Corporations are eager to include “user-generated content” in advertisements, and they do not always ask for permission. This is a copyright violation, and photographers should be prepared to defend their rights.
Facebook asserts the right to sell your Facebook content and identity to advertisers (such as for brands you like) without compensating you. Other social media services have licenses that are not as broadly written, but still may allow the social media service to sublicense your content to third parties. However, some companies have included user-generated content in advertisements without such a sublicense and without getting permission from the content owner. One excuse that may be used is that the company was tagged in the post.

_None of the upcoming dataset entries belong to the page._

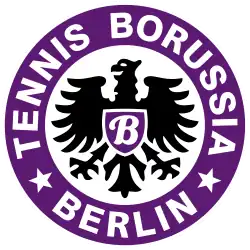 Logo du Tennis Borussia Berlin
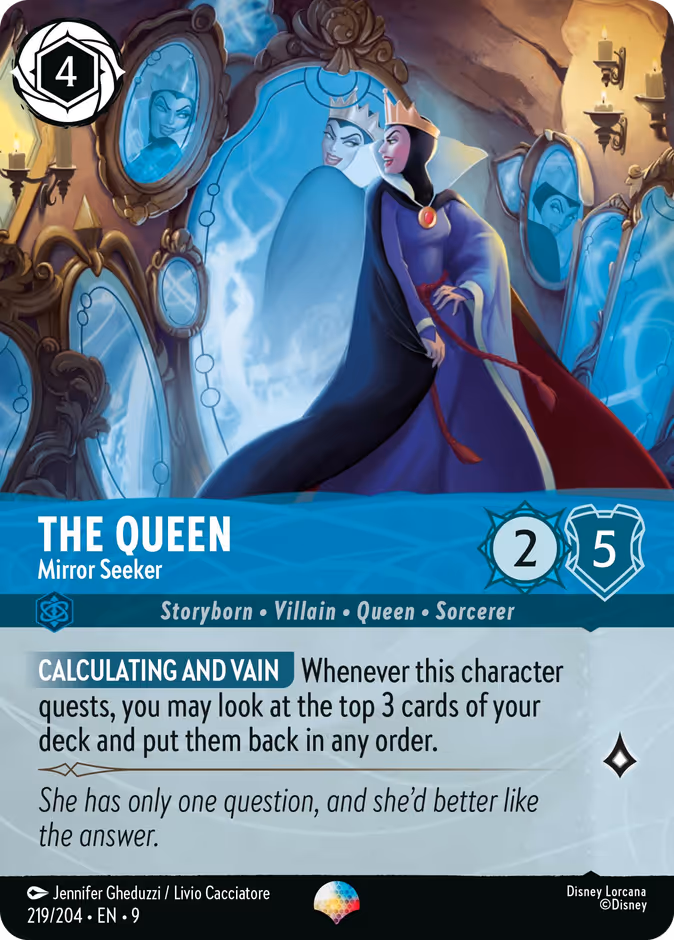 The Queen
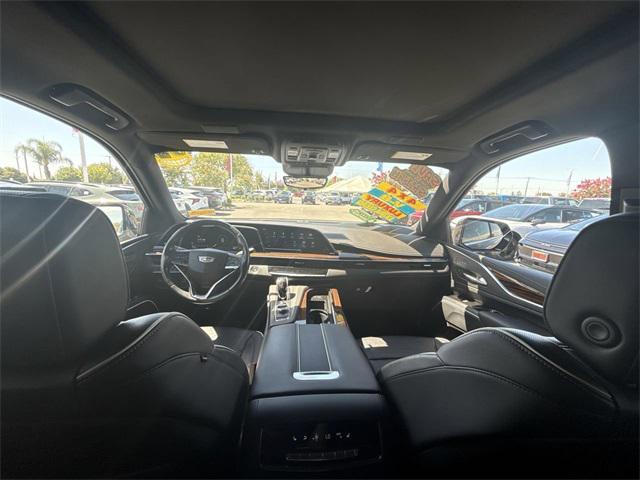 Photo of 2022 Black Raven Cadillac Escalade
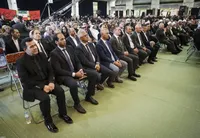 مراسم بزرگداشت آقای شهید ایران
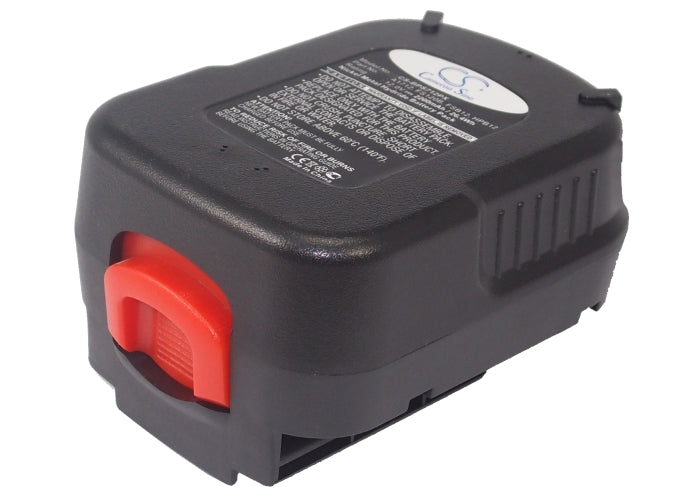 Black & Decker BD12PSK BDBN1202 BDG1200K B 2000mAh Replacement Battery-3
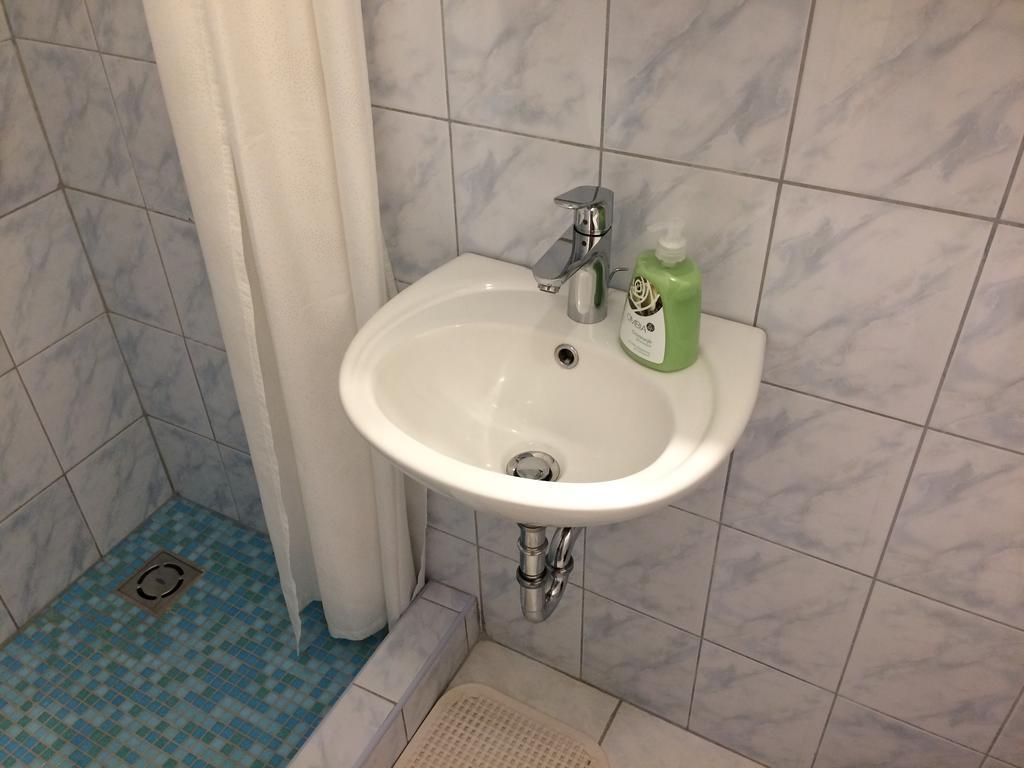 Irisz Apartman Budapest Ngoại thất bức ảnh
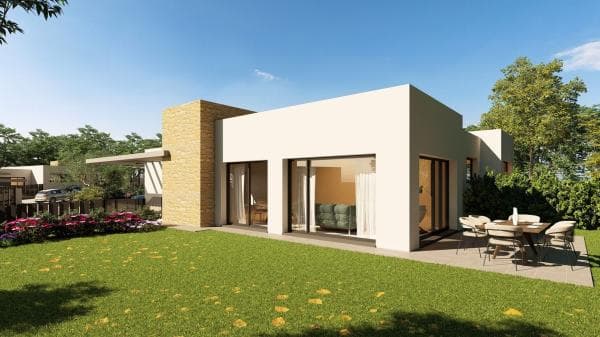 Chalet pareado en Calle Arroyo Castañuelas, 24, Sevilla la Nueva thumbnail 2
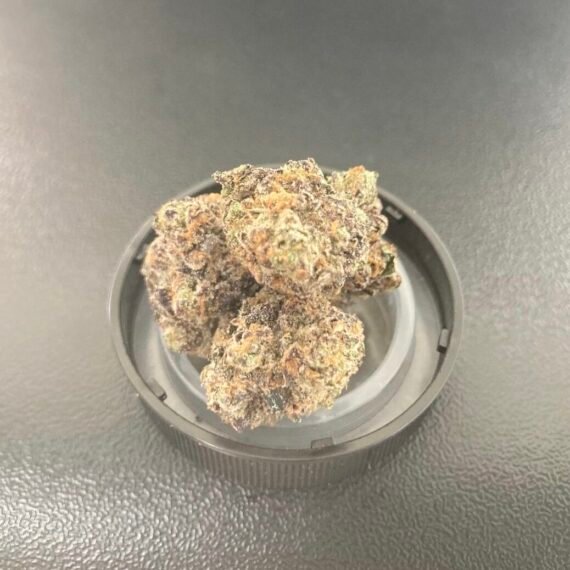 Purple Yum Yum 3.5G (BOGO)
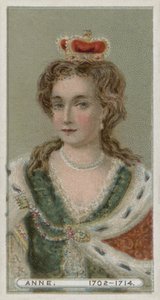 Queen Anne by English School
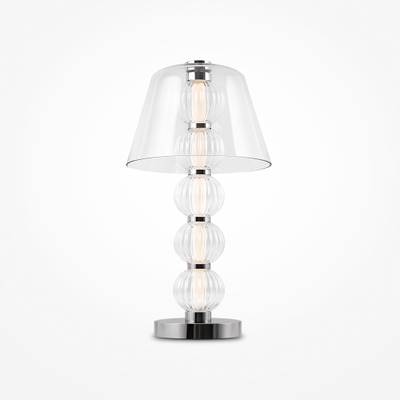 Настольный светильник Amulet 4000К 9Вт, MOD555TL-L9CH4K. TM Maytoni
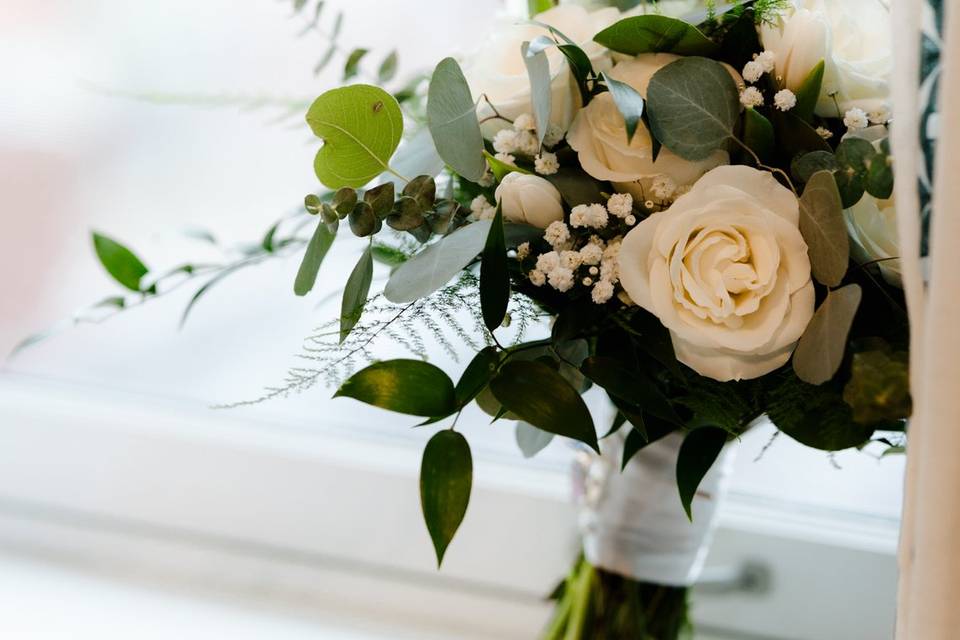 Modern Elegance Bouquet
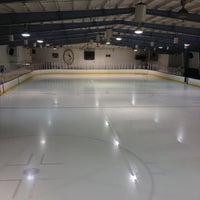 Photo taken at Culver Ice Arena by Sami T. on 10/2/2012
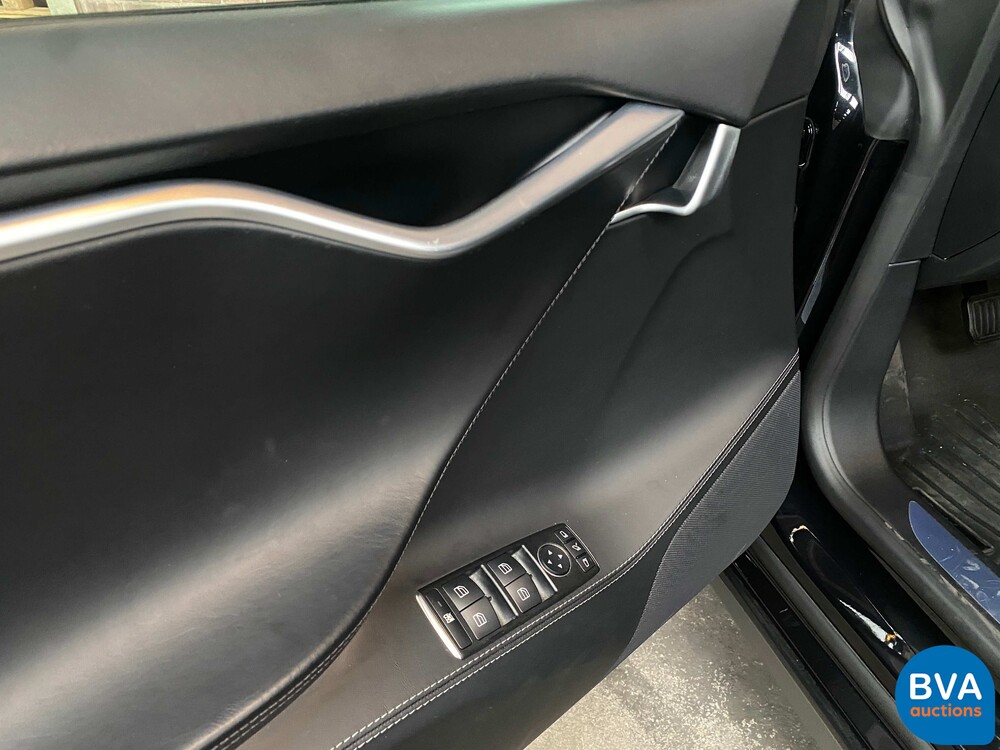 Tesla Model S 75D Base 476pk 2017 FACELIFT -Org. NL-,  PT-584-S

A New York Times article illustrates a questionable claim of “implied consent” through the use of a hashtag, as well as the use of a hashtag to ask for actual consent. A woman posted a photograph of her daughter wearing Crocs sandals on Instagram and included the #crocs hashtag. Crocs took the photo and began using it in an advertisement on its website without seeking the woman’s permission. When a reporter began asking questions, Crocs posted a comment on the woman’s original Instagram post: “We love your pic! In fact, we love to share photos like yours in our marketing including social media, e-mail, in our stores and in print. Please reply with #CrocsOK to signify your understanding and acceptance to our terms. http://ow.ly/KuSro.” (The woman said she did not respond to the request.)
The argument that using a general hashtag is an “implied license” for companies to use photographs in advertisements is a weak one, but that has not stopped companies from engaging in this practice. Photographers should be aware of this practice, use hashtags with care, and be prepared to defend their rights.